The Forbidden Kingdom
One of the most attractive qualities about Jackie Chan is that unlike many other martial arts stars, he doesn't attempt to play younger than he is. He's now in his fifties, he can't do the incredible and delicious comedy routines that amazed us twenty years ago, so he just doesn't. Instead, he relies on small gestures, witty lines and a mobile face. In "The Forbidden Kingdom," where for the first time he's partnered with Jet Li, the script lets them both be themselves, or I should say lets them be their screen personas, which works very well.
"The Forbidden Kingdom" has a story that's one part "The Wizard of Oz" (our young American hero just wants to get back to Boston), one part "The Karate Kid" (he has to learn Kung Fu before the film ends), and one part "Crouching Tiger" (lots of sailing through the air on wires during the fights). But the fact is, I liked it because it has elements of traditional Chinese folk tales that keep it from going crazy. There's a monkey king, the one who in the folk tales always saves China from the bad guys, and a through plot line that reminds me of the famous "Water Margin" novel that was Mao's guide on the Long March.
The story begins with the boy named Jason (Michael Angarano) hanging around the elderly owner of a Chinese pawn shop (played by Chan) and spotting an ancient fighting staff; before he and we know what hit him he's in ancient China, where he must return the staff to its rightful owner, a godlike immortal (the Monkey King, played by Jet Li), who's been turned into stone by the Jade Warlord and won't be turned back until he gets whacked by the emperor's fighting staff. Naturally, the way to the Warlord's palace goes through the desert, and the mountains, and the river; in other words, it is a long commute. Fortunately, the young American encounters a drunken fighter (Chang again) and a monk (also Jet Li), and a beautiful young musician (Golden Sparrow), whose parents were killed by the Jade Warlord and now wants her vengeance.

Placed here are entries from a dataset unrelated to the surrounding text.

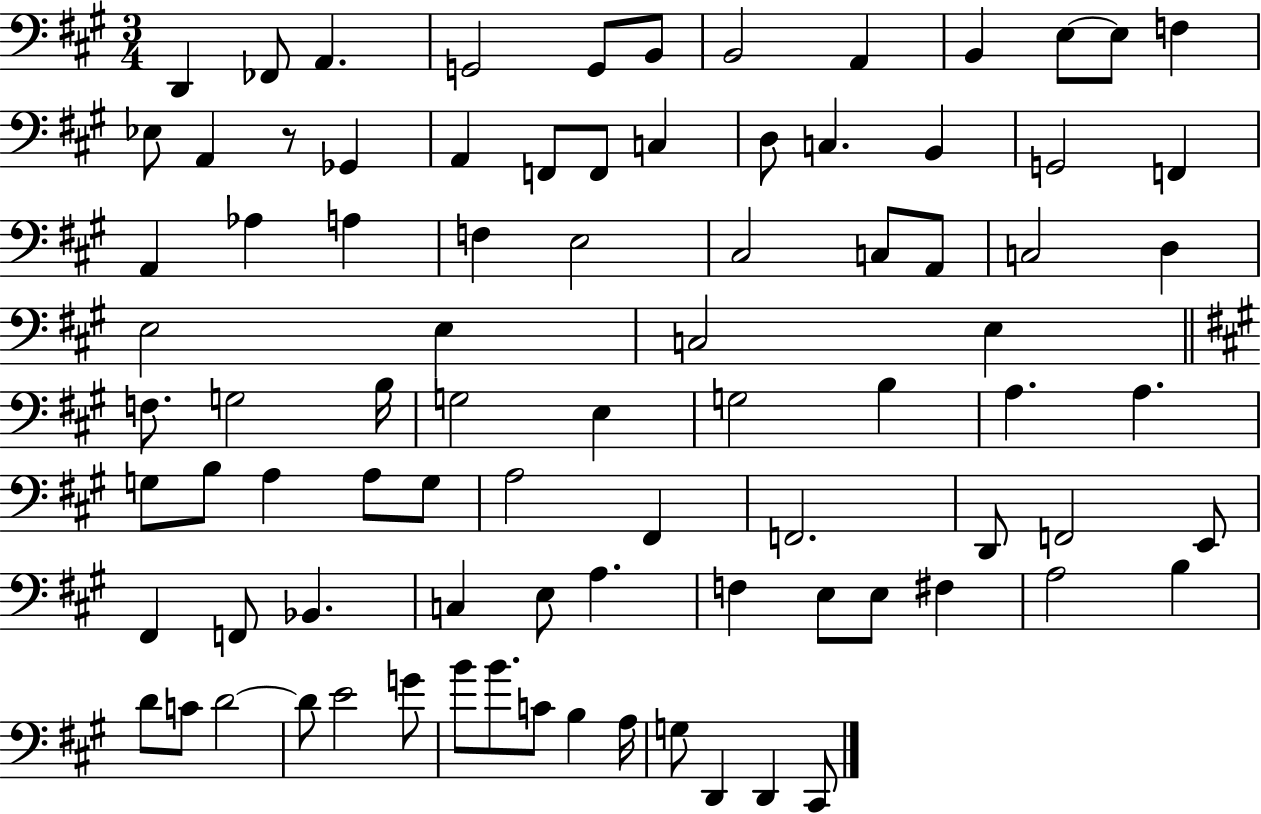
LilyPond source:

{
  \clef bass
  \numericTimeSignature
  \time 3/4
  \key a \major
  d,4 fes,8 a,4. | g,2 g,8 b,8 | b,2 a,4 | b,4 e8~~ e8 f4 | \break ees8 a,4 r8 ges,4 | a,4 f,8 f,8 c4 | d8 c4. b,4 | g,2 f,4 | \break a,4 aes4 a4 | f4 e2 | cis2 c8 a,8 | c2 d4 | \break e2 e4 | c2 e4 | \bar "||" \break \key a \major f8. g2 b16 | g2 e4 | g2 b4 | a4. a4. | \break g8 b8 a4 a8 g8 | a2 fis,4 | f,2. | d,8 f,2 e,8 | \break fis,4 f,8 bes,4. | c4 e8 a4. | f4 e8 e8 fis4 | a2 b4 | \break d'8 c'8 d'2~~ | d'8 e'2 g'8 | b'8 b'8. c'8 b4 a16 | g8 d,4 d,4 cis,8 | \break \bar "|."
}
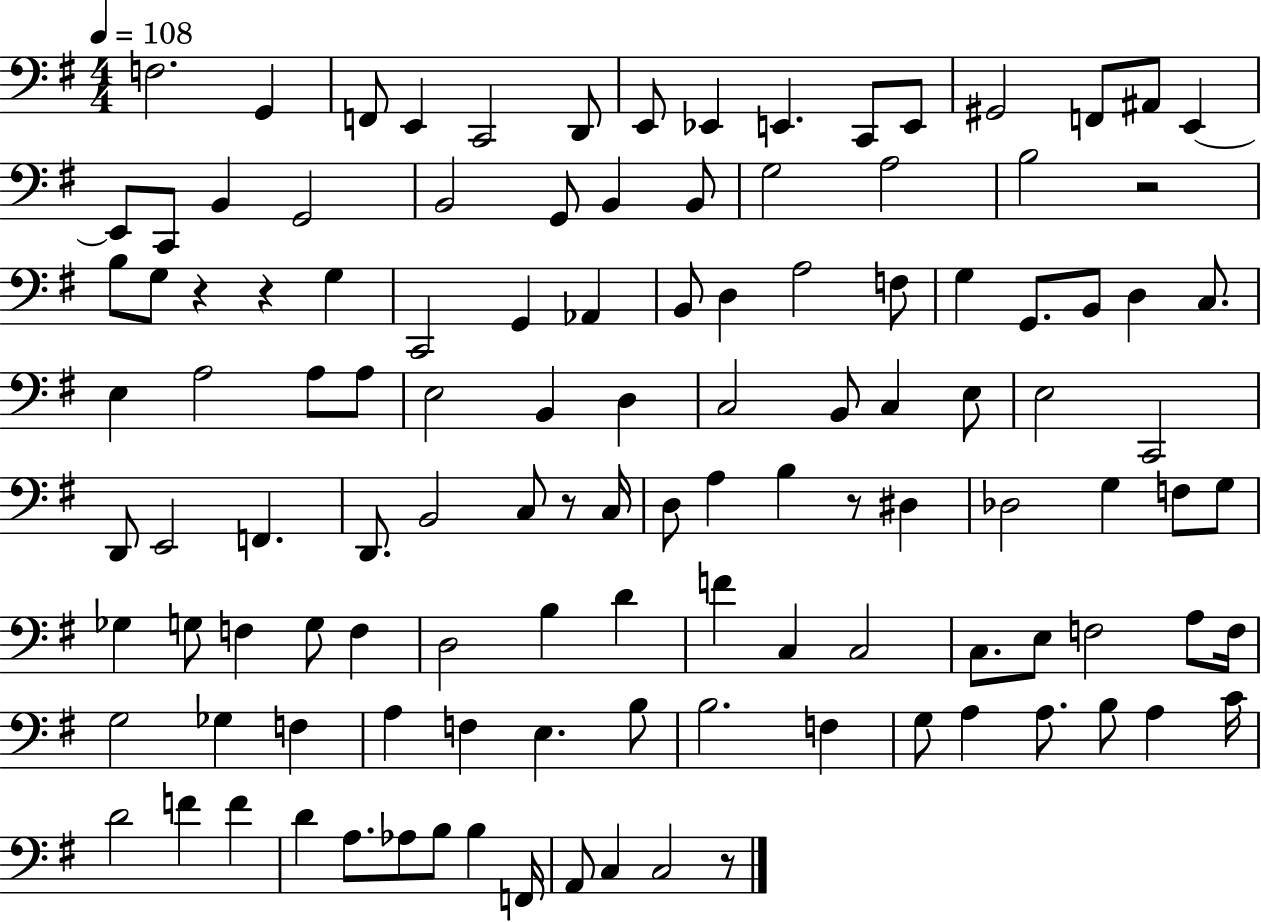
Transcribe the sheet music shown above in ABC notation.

X:1
T:Untitled
M:4/4
L:1/4
K:G
F,2 G,, F,,/2 E,, C,,2 D,,/2 E,,/2 _E,, E,, C,,/2 E,,/2 ^G,,2 F,,/2 ^A,,/2 E,, E,,/2 C,,/2 B,, G,,2 B,,2 G,,/2 B,, B,,/2 G,2 A,2 B,2 z2 B,/2 G,/2 z z G, C,,2 G,, _A,, B,,/2 D, A,2 F,/2 G, G,,/2 B,,/2 D, C,/2 E, A,2 A,/2 A,/2 E,2 B,, D, C,2 B,,/2 C, E,/2 E,2 C,,2 D,,/2 E,,2 F,, D,,/2 B,,2 C,/2 z/2 C,/4 D,/2 A, B, z/2 ^D, _D,2 G, F,/2 G,/2 _G, G,/2 F, G,/2 F, D,2 B, D F C, C,2 C,/2 E,/2 F,2 A,/2 F,/4 G,2 _G, F, A, F, E, B,/2 B,2 F, G,/2 A, A,/2 B,/2 A, C/4 D2 F F D A,/2 _A,/2 B,/2 B, F,,/4 A,,/2 C, C,2 z/2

The four of them begin their journey, in the course of which the two fighters must teach Jason the elements of Kung Fu, naturally, so that he can fight the Jade Warlord's soldiers in the climactic encounter. The Jade warlord also has a white-haired witch on his side. The climactic fight is a bit drawn out, but it still is beautifully choreographed, as are all the fights, by Yuen Wo Ping, the master who did "Crouching Tiger" among other films. "The Forbidden Kingdom," which came without too much hype, turns out to be a well-spent two hours.